Crimea’s Parliament asks to join Russian Federation, Ukraine calls for US, UK assistance

CrimeaThe Parliament in Crimea have asked Moscow to allow the southern Ukrainian region to become part of the Russian Federation.

The parliament said if its request was granted, Crimean citizens could give their view in a referendum on 16 March.

Ukraine’s interim Prime Minister Arseniy Yatsenyuk said the move had no legal grounds.

Crimea, a region whose population is mostly ethnic Russian, has been at the centre of tensions following the fall of Ukraine’s pro-Moscow president.

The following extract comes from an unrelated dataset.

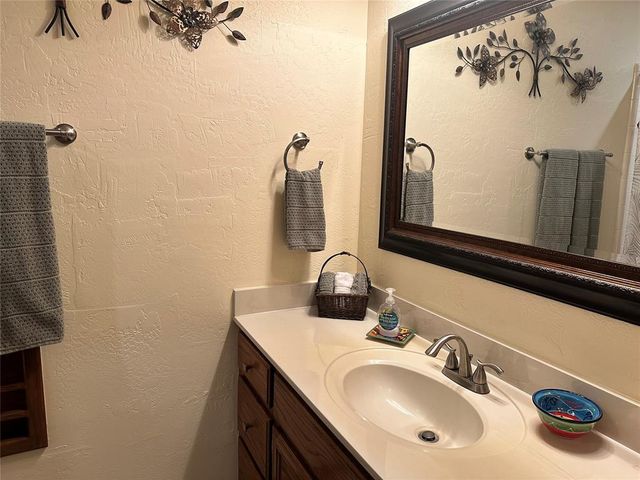 12209 Village Lane, Oklahoma City, OK 73170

Crimea has closed its airspace to commercial flights. A Ukrainian airline plane was turned back today on its way from Kiev to Simferopol, the region’s main city, and had to return to the Ukrainian capital.

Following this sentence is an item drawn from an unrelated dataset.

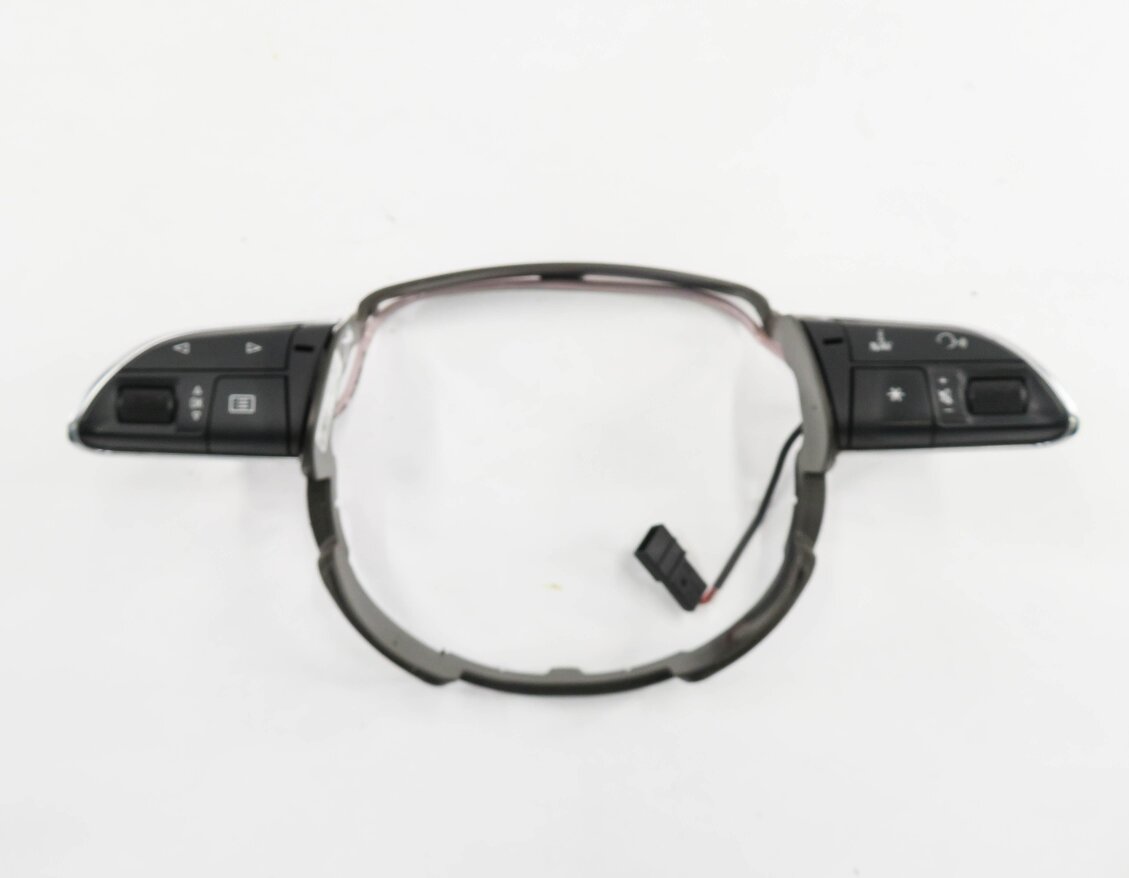 Thumbnail 2: 2012 AUDI A6 (C7) STEERING SWITCH BUTTON SET w/ TRIM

The captain told passengers that the Crimean authorities had closed airspace to all commercial flights and there had been no flights yesterday either.

Tension has increased in the region ahead of Sunday’s referendum which pro-Russian leaders, backed by Russian forces, have called despite it being denounced as illegal by Ukraine’s new rulers and Western governments.

New National Guard

Ukraine’s interim leaders established a new National Guard today and appealed to the United States and Britain for assistance against what they called Russian aggression in Crimea under a post-Cold War treaty.

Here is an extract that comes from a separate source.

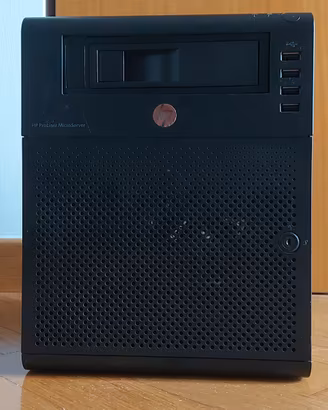 HP Microserver ProLiant G7 NAS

Blaming their ousted predecessors for the weakness of their own armed forces, acting ministers told parliament Ukraine had as few as 6,000 combat-ready infantry and that the air force was outnumbered nearly 100 to 1 by Moscow’s superpower forces.

The national parliament in Kiev said it would dissolve the Crimean assembly if it did not cancel the plebiscite.

Viktor Yanukovich, whose overthrow last month after protests triggered the gravest crisis in Europe since the Cold War, insisted from his refuge in Russia that he was still Ukraine’s legitimate president and commander of its armed forces.

Acting Prime Minister Arseny Yatseniuk, who will visit the White House and United Nations Security Council this week, said a 1994 treaty under which Ukraine agreed to give up its Soviet nuclear weapons obliged Russia to remove troops from Crimea and also obliged Western powers to defend Ukraine’s sovereignty.

He said a failure to protect Ukraine would undermine efforts to persuade Iran or North Korea to forswear nuclear weapons as Kiev did 20 years ago. The terms of the Budapest Memorandum oblige Russia, Britain and the United States as guarantors to seek UN help for Ukraine if it faces attack by nuclear weapons.